Passenger car registrations plunged by over 76% last month from April 2019, according to data released on Tuesday by the European Automobile Manufacturers Association (ACEA).
April saw the biggest yearly drop since ACEA record-keeping began, with carmakers selling just 270,682 new cars — compared to over 1.1 million in April 2019.
Every one of the 27 EU markets suffered a double-digit sales drop last month, with sales in Italy and Spain almost nil.

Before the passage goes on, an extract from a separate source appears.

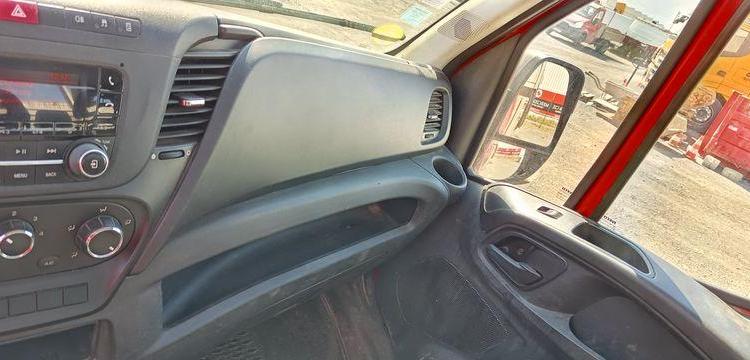 IVECO DAILY 35C12 BENNE AVEC COFFRE ACIER DIESEL – 164359 KMS – ANNEE 2017 ROUGE ES-764-AS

France’s monthly new car registrations fell by nearly 89%, and Germany saw a 60% decline.
April car sales in the UK were equally as dire, with only 4,321 new cars registered, constituting a 97% year-on-year drop and making it the worst month for sales since 1946.
“With the UK’s showrooms closed for the whole of April, the market’s worst performance in living memory is hardly surprising,” Mike Hawes, head of the Society of Motor Manufacturers and Traders, said.
“These figures, however, still make for exceptionally grim reading, not least for the hundreds of thousands of people whose livelihoods depend on the sector.”
Hundreds of thousands of car plant workers were put on short-time hours across Europe in March, as first supply chains, then demand collapsed.
In the first four months of the year, demand for cars shrunk by almost 40%, the ACEA said.
Most carmakers, including the world’s biggest manufacturer Volkswagen (VOW3.DE), have been gradually brining their plants back online.
However, demand is so low that just a couple of weeks after VW reopened Europe’s biggest car plant in Wolfsburg, it had to temporarily idle two production lines again.
Last week, ratings agency Moody’s again cut its sales forecast for the global automotive market — it now predicts a 20% drop in 2020, from its previous prediction of 14%.
“The orders are simply not there,” Ferdinand Dudenhöffer, auto industry expert at the University of St Gallen said. “The global economy is falling into a deep hole. Consumers lack the money and the courage to buy new cars.”